Я хотела было возразить, но смутилась: действительно, в моем чувстве к Рейдану было много от восхищения отцом — сильным и мужественным, каким он и должен быть в представлении дочери. И все-таки одновременно я порой испытывала к нему совершенно противоположное чувство: как если бы он был моим ребенком, нуждающимся в заботе и защите. Я хотела сказать об этом Омме, но та вдруг спросила:

— А этот, другой, юноша из Леха? Как он-то оказал ся в ваших диких краях?

Я поведала ей историю Готто. Омма слушала меня внимательно и тут уж ее интерес был неподдельным.

— Привиделось лицо звезды? Как странно. У нас рассказывают древние легенды, будто бы в старину звезды правили миром.

— И этот мир был единым процветающим городом, — добавила я.

Омма внимательно на меня посмотрела.

— Для лесной девчонки ты слишком много знаешь, Шайса. И рассказываешь о себе не больше моего. Похоже, у тебя, кроме любовной, есть еще какая-то тайна.

— У меня действительно есть тайна, — смущенно прошептала я, — но я не имею права об этом говорить.

— А я могла бы рассказать о себе. Только… Это очень гадкая история.

Омма замолчала и больше ничего не сказала до конца прогулки. Она просто сидела, подставив лицо солнцу, пока надсмотрщик из окна не велел ей спрятаться в тень. Но уже покидая садик, она вдруг шепнула мне:

Я кое-что придумала Шайса.

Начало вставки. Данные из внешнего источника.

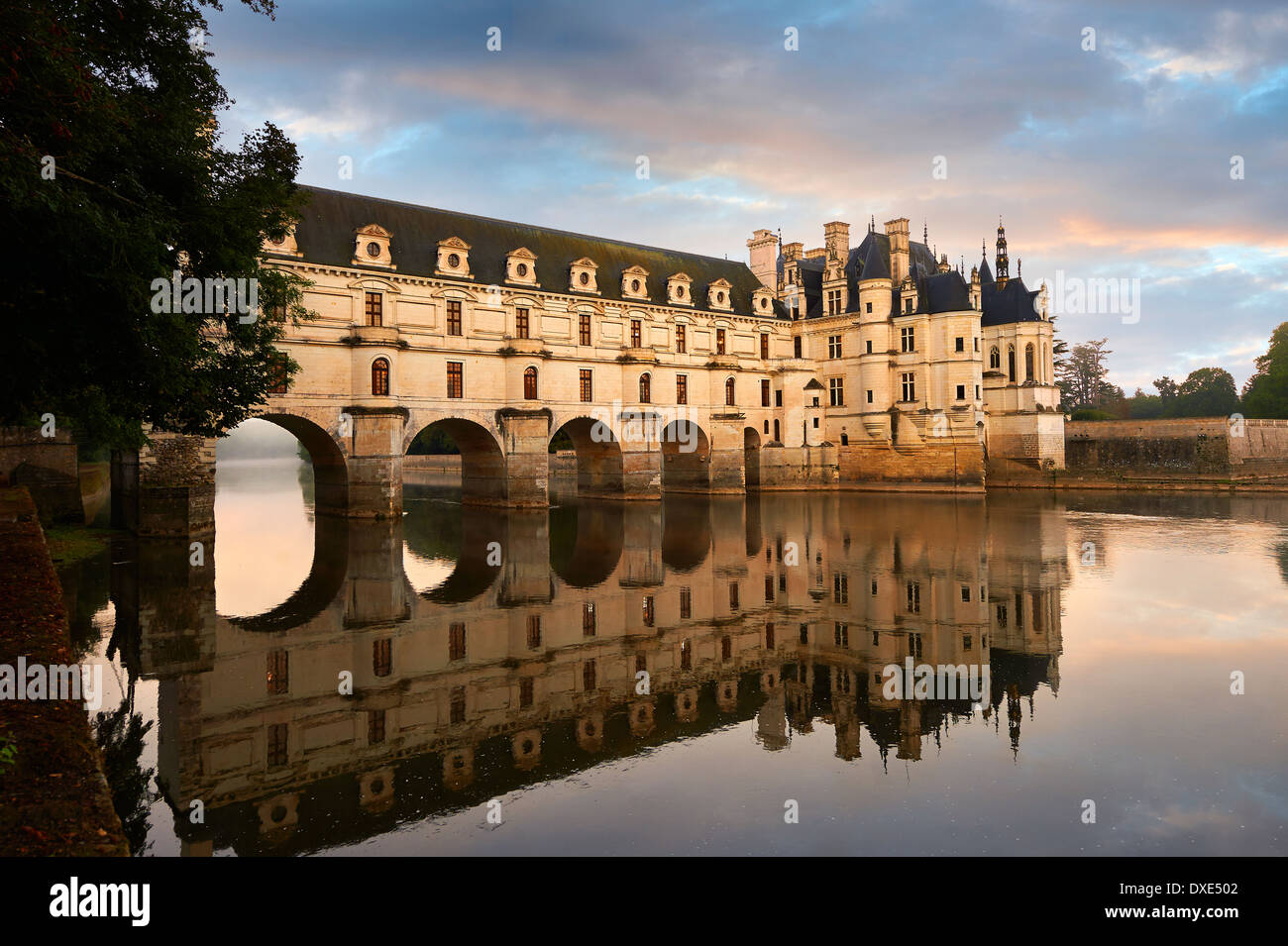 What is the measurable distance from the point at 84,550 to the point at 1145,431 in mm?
54931

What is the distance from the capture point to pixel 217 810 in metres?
6.69

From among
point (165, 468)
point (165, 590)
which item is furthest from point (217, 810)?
point (165, 468)

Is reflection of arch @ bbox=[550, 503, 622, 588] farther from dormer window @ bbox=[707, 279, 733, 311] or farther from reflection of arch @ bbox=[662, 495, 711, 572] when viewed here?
dormer window @ bbox=[707, 279, 733, 311]

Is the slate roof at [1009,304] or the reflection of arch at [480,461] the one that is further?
the slate roof at [1009,304]

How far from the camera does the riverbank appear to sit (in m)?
4.43

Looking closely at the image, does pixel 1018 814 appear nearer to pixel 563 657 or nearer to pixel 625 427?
pixel 563 657

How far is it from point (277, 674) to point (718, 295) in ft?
126

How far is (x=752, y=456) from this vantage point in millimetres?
48188

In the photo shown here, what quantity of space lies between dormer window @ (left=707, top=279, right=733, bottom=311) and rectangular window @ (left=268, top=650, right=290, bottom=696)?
37138 millimetres

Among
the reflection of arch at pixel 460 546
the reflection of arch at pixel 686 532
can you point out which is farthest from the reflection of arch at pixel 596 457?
the reflection of arch at pixel 460 546

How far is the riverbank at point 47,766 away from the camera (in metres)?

Завтра, на прогулке, когда никто не сможет подслушать…

Однако вечером случилось нечто непредвиденное. Рабыни, как обычно, принесли нам поднос с ужином и начали причесывать нас перед сном. Вдруг девушка, водившая гребнем по моим волосам, что-то сунула мне в руку. От неожиданности я сразу взглянула, что это такое. В моей ладони оказалась тоненькая полоска черной кожи, на которой ножом было выцарапано: «Мы в Цесиле». Подписи не было, но я ни секунды не сомневалась: записку прислали мои друзья. Лех, Ромес, а также Мидон и Фолесо пользовались старинной письменностью, которую давно забыли в Лесовии. Лесовики писали маленькими картинками, которые обозначали то целое слово, то цифру; насколько я поняла, это была самая распространенная письменность, ею пользовались и цесильские купцы. На кожаной полоске же я увидела знакомые буквы, которые выучила еще в храме: так писали все авторы старинных книг. Готто, уроженец Леха, конечно владел этой грамотой.